## What is needed
Please return, word for word, the line containing "Nikon D7200 sample photo. Gull photography" and each line after it through the end of the data below, and nothing else.

## Exercise data
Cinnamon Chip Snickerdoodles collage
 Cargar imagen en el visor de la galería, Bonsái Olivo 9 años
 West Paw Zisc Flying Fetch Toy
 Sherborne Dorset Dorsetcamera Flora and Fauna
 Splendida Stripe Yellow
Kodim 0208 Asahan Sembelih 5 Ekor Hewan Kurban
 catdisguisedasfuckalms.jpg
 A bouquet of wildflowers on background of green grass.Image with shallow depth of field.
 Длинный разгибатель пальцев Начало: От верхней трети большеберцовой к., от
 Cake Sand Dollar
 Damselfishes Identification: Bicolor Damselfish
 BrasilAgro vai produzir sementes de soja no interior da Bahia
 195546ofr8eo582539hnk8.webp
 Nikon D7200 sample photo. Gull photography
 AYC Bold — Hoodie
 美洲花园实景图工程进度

## Result of the task
 Nikon D7200 sample photo. Gull photography
 AYC Bold — Hoodie
 美洲花园实景图工程进度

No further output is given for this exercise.